» **Assignment**
If a line below falls between the line with "Generac GP7500E - 7500" and the line with "Crushes and Crabs Long Sleeve", or is one of those two, output it exactly; output nothing else and no pictures.

» **Supplied entries**
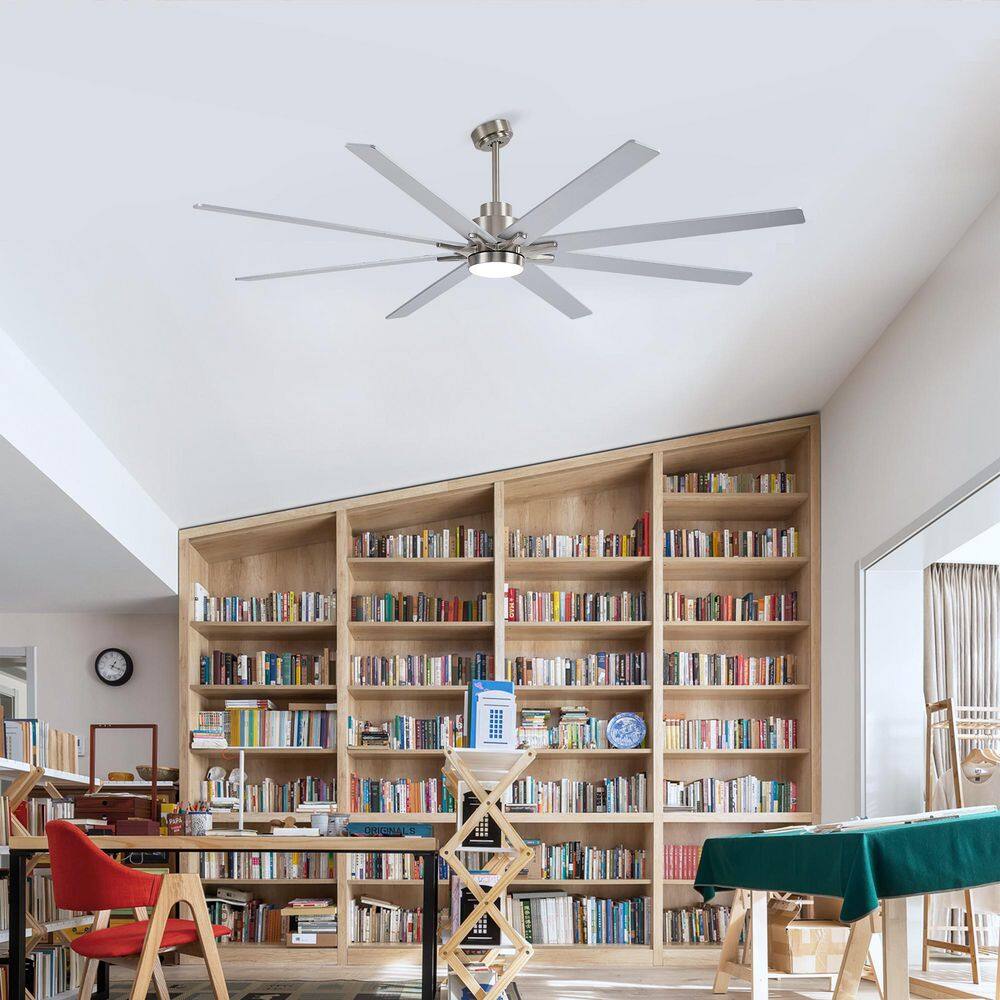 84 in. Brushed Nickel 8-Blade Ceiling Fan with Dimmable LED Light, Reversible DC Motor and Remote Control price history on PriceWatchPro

==

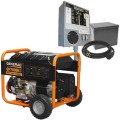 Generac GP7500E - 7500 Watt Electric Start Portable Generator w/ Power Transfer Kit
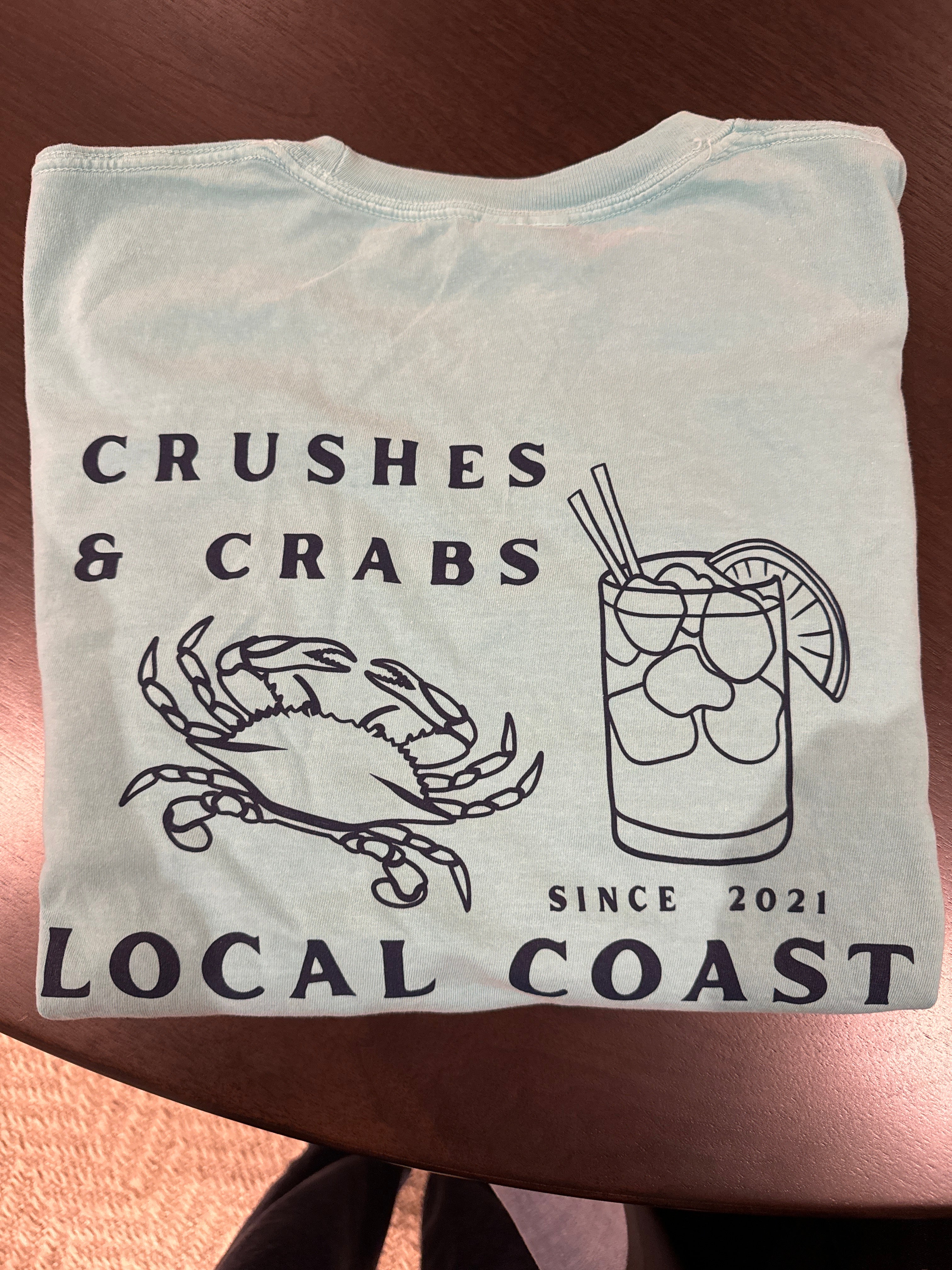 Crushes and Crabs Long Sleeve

» **Problem solution**
 Generac GP7500E - 7500 Watt Electric Start Portable Generator w/ Power Transfer Kit
 Crushes and Crabs Long Sleeve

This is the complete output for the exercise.